Vous avez sans doute appris les troubles qui ont agité Paris[1]. Ne soyez nullement inquiète pour moi ; car je vous assure que ce n’est point là ce qui nous gêne. Une chose bien remarquable, c’est que nous étions tous infiniment plus gais ce jour-là que les autres ; nous composions le lundi, quand l’émeute n’était pas encore absolument calmée, et notre excellent professeur nous engageait à bien travailler en nous disant qu’en ces temps d’émeute, on semblait ne toucher à la terre que de la plante des pieds, et en effet il est certain qu’on a l’esprit beaucoup plus dégagé. Néanmoins, j’ai horreur de ces troubles, car on frémit quand on pense que chaque coup de canon qu’on entend a donné la mort à beaucoup de nos frères qui peut-être n’y étaient pas disposés. Mais ne craignez rien, ma bonne mère, ces troubles sont absolument terminés. Adieu, ma chère maman, je vous laisse jusqu’à samedi, car demain nous avons promenade toute la journée.

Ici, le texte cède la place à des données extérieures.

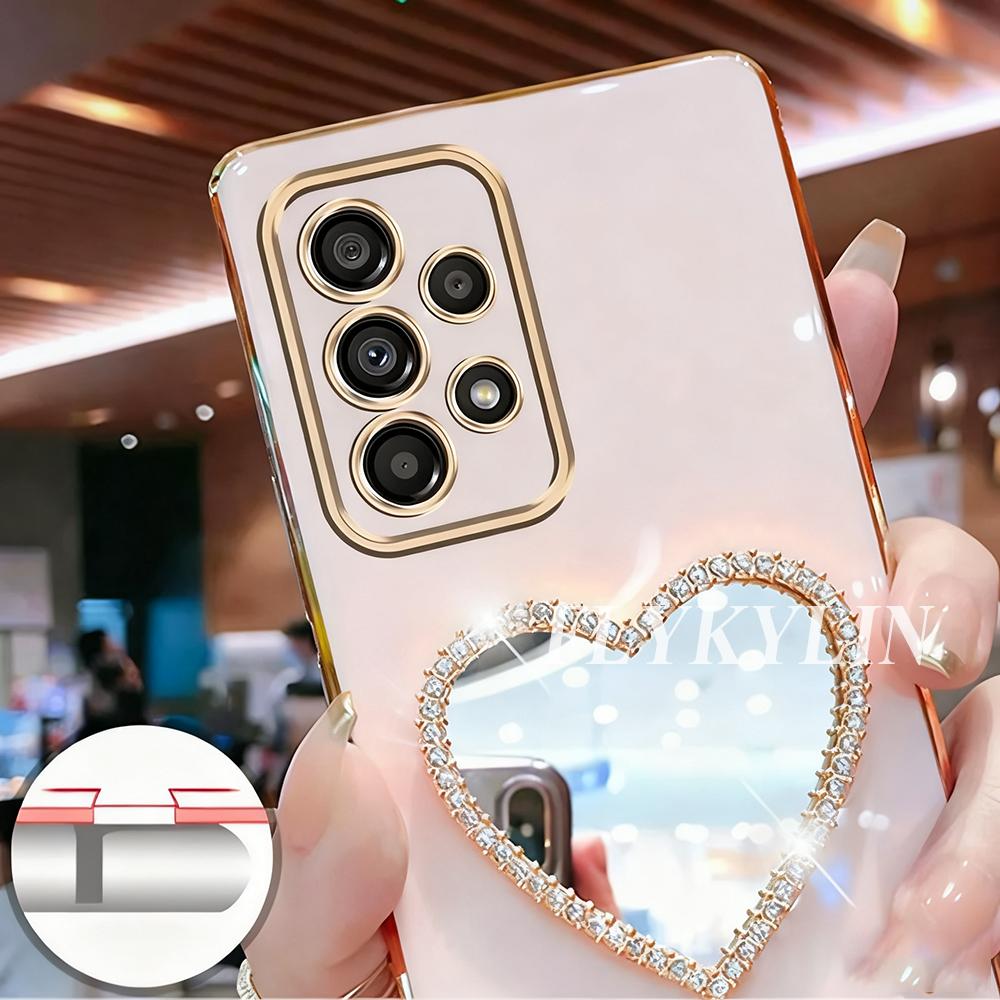 For Samsung A53 A33 A13 A14 A54 A04 A34 A24 A05 A35 A55 A25 A15 Love Mirror With Crystal Chain Electroplated Soft Shell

Samedi, onze heures du matin.

Je viens, ma très chère maman, vous dire un dernier mot ; j’ai composé ce matin en version latine pour les prix et je ne peux mieux m’en délasser qu’en m’entretenant avec vous. Hier nous avons eu la clôture du beau mois de Marie, que nous avons vu s’achever avec douleur. On a hier donné les places d’une composition en narration françalse dans laquelle j’ai été le troisième. Vous savez qu’au séminaire de Saint-Nicolas ce n’est pas la composition des prix qui décide entièrement des prix, elle compte seulement pour trois compositions. Tout se prépare pour la grande fête de demain ; j’espère aller la célébrer à Notre-Dame. Mais cette fête n’est pas à beaucoup près aussi belle que dans les provinces, car il n’est pas permis de faire la procession dans les rues. J’attends bientôt une lettre de vous, ô mon excellente mère ; quel bonheur quand je pense que dans peu je vous embrasserai En attendant, soyez persuadée que jamais une mère n’a été plus aimée et plus respectée que vous ne l’êtes de votre

ERNEST


P.-S. Tâchez, ma bonne mère, qu’on ne sache pas trop au collège l’affaire de Guyomard, Liart, etc.

Ma bonne mère, remarquez que pour l’affaire de Guyomard, je ne la donne pas comme parfaitement certaine, mais comme une espérance bien fondée.

Adieu, adieu, ma chère maman.



  1. L’insurrection de Barbès et de Blanqui, du 12 mai 1839.